(Caption-style text data)

[Start of Attachment]

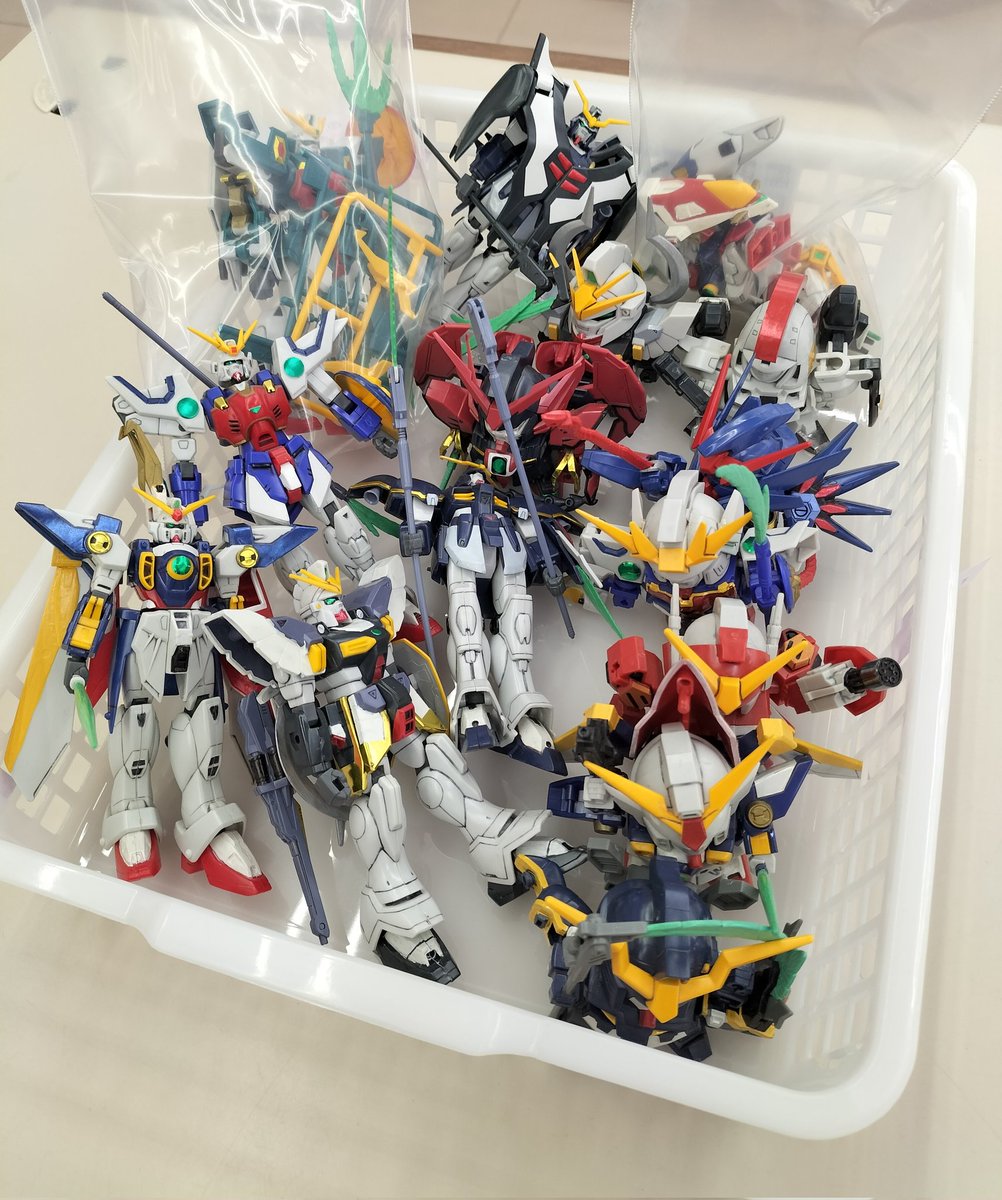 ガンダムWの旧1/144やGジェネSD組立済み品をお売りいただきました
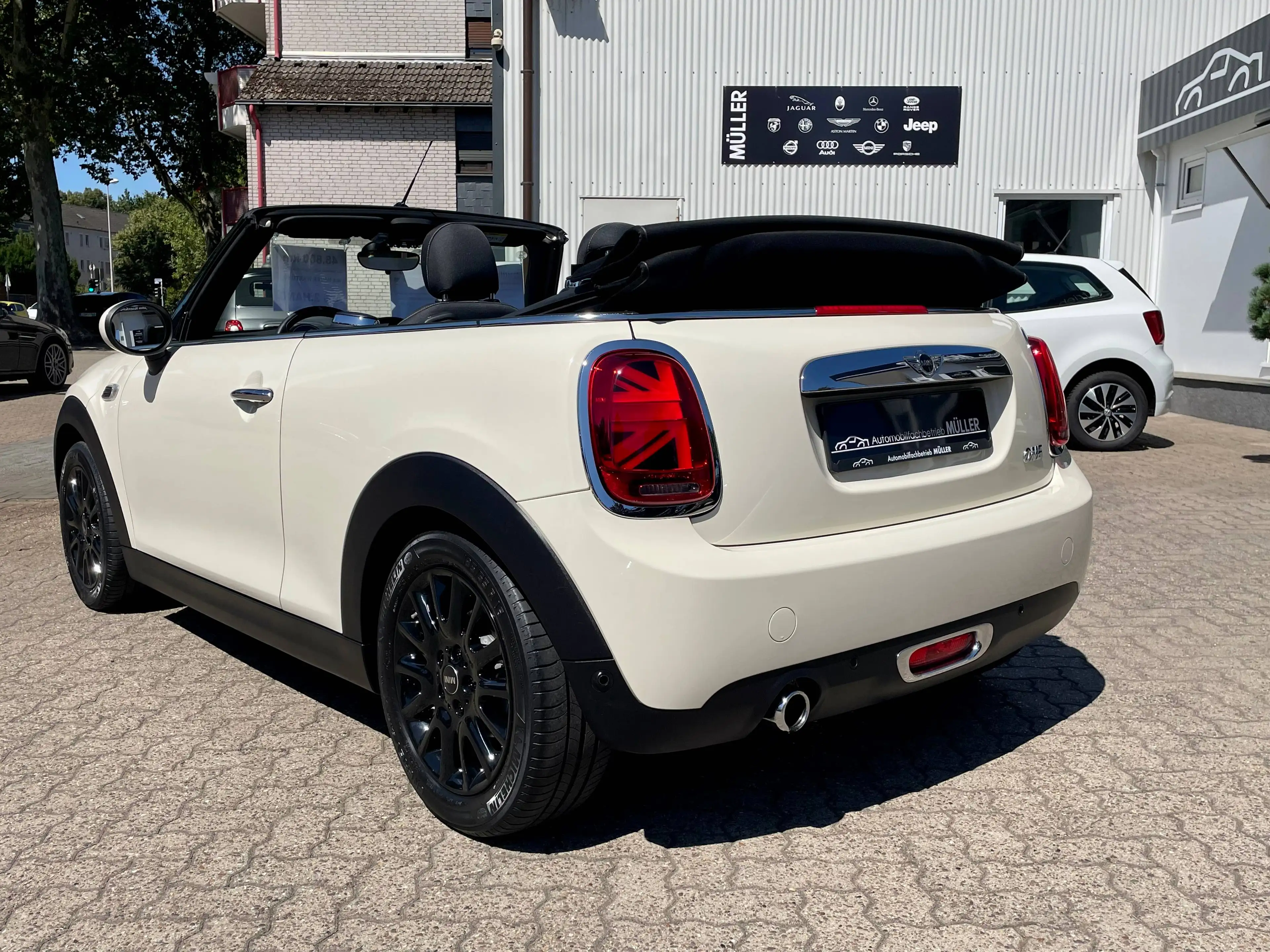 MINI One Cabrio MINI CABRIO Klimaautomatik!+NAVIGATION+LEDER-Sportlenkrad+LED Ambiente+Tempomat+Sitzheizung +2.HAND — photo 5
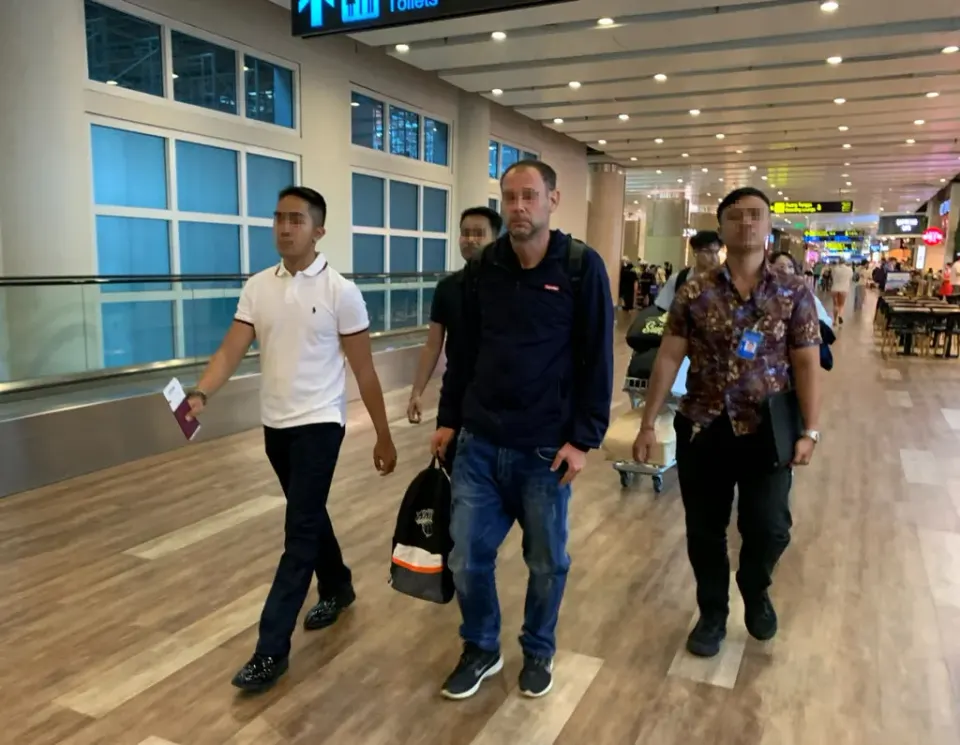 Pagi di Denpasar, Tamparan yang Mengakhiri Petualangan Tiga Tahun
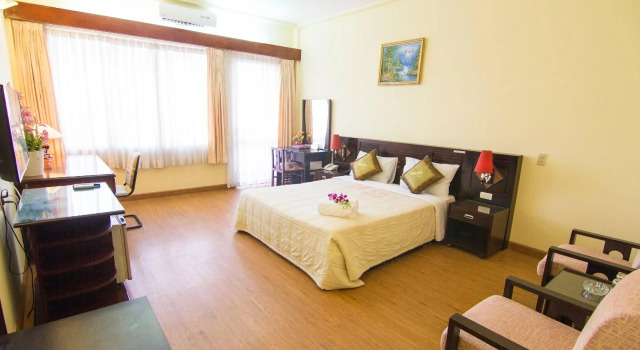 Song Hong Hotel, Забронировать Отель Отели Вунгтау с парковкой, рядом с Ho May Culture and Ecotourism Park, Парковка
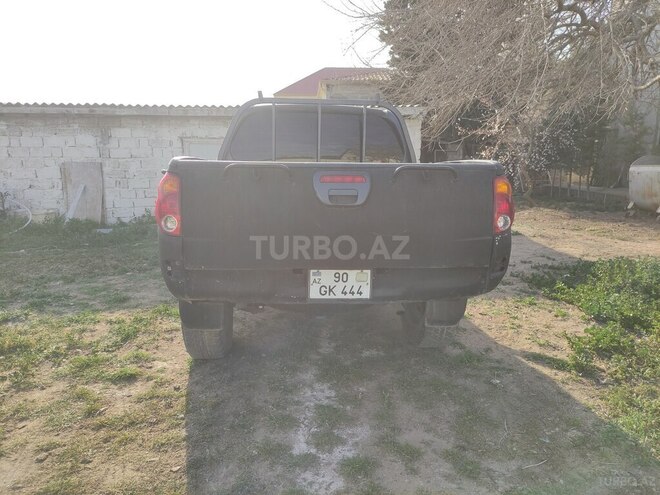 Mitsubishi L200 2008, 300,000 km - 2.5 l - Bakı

[End of Attachment]

**Exercise**
Take the line containing "Song Hong Hotel, Забронировать" as the first and the last line of the records as the end. Print every line in that span exactly, leaving out pictures.

**Answer to the problem**
 Song Hong Hotel, Забронировать Отель Отели Вунгтау с парковкой, рядом с Ho May Culture and Ecotourism Park, Парковка
 Mitsubishi L200 2008, 300,000 km - 2.5 l - Bakı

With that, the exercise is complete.